Te Mata Peak farmers are fed up with the public "disrespecting" and damaging their land.
Tauroa Trust co-owner Heather Smith said gates were regularly left open, which caused stock to move into unwanted areas, and rubbish including tyres had been dumped.
Recently one of her neighbour's sheep had been attacked by a dog, which had been off the leash, Smith said.
The sheep survived the attack and "the [dog] owner was quite distressed and she handled it very well, but for every one of her there's others who don't do anything".
Her farm's land is on the southern border of Te Mata Peak park. Smith said it was becoming a big headache and a financial burden.
"Farming is hard to make a buck and to have anything extra go on is not okay. People aren't thinking that this is somebody's livelihood and time."

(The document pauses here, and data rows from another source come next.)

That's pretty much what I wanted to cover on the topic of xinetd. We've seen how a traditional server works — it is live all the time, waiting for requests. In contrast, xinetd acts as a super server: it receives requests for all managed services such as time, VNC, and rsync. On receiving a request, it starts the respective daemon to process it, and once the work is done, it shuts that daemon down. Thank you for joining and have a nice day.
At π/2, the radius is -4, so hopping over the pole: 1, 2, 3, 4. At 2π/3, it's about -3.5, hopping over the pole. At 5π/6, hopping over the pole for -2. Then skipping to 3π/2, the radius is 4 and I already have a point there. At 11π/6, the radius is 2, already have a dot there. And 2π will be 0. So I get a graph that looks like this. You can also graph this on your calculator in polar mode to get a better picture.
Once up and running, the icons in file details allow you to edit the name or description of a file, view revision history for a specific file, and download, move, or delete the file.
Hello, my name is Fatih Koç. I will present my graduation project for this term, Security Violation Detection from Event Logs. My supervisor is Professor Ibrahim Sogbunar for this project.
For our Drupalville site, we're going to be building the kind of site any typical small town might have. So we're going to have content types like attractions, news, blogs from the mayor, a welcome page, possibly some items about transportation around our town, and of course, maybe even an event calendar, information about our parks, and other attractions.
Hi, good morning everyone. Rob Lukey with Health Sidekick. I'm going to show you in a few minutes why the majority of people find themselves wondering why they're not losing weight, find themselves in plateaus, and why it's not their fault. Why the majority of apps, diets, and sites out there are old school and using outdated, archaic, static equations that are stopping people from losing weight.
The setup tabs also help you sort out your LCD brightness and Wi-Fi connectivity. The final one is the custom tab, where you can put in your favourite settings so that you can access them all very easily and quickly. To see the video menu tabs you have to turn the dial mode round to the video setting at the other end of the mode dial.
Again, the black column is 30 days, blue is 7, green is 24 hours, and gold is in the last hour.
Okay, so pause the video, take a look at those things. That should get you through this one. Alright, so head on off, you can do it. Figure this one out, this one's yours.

She urged people to be careful and be thoughtful when wandering through farms on the mountain.
"We are a certified and organic farm and we are trying to do well by the community and with the new health and safety rules it is a whole other issue for us to worry about."
Another farmer, who did not wish to be named, said things had become progressively worse on Te Mata Peak over the past five years.
Some people had shot ducks on his property, and chopped branches down for firewood.
"At weekends, people come down onto our riverbed and teach their kids how to do wheelies on our good grass amongst our cows and calves - they have got no idea."
In the past month, he had to separate several mobs of cattle which had come together, only to find, a fortnight later, it had happened again.
"People don't realise the damage they can do and the time it takes to re-do it all. I don't mind people walking from the peak down to the bridge, but they have got to learn to shut gates and respect the property."
The final straw, he said, was yesterday morning, when he found his cows had wandered onto the road, despite the gate having wire around it and a latch.
"Someone has obviously opened the gate, let them out and then closed the gate back up. That's the only way I can see how they got out."
Federated Farmers Hawke's Bay president Jim Galloway said respect of property was an issue for farmers around the country.
"It is about being considerate and thinking before you do things."
"Farmers don't want to shut the gate on people, but if too much happens where people take advantage of the generosity of being allowed on someone's property, or start leaving gates open and dumping rubbish illegally, farmers will start looking at closing gates and that is not something we want to happen."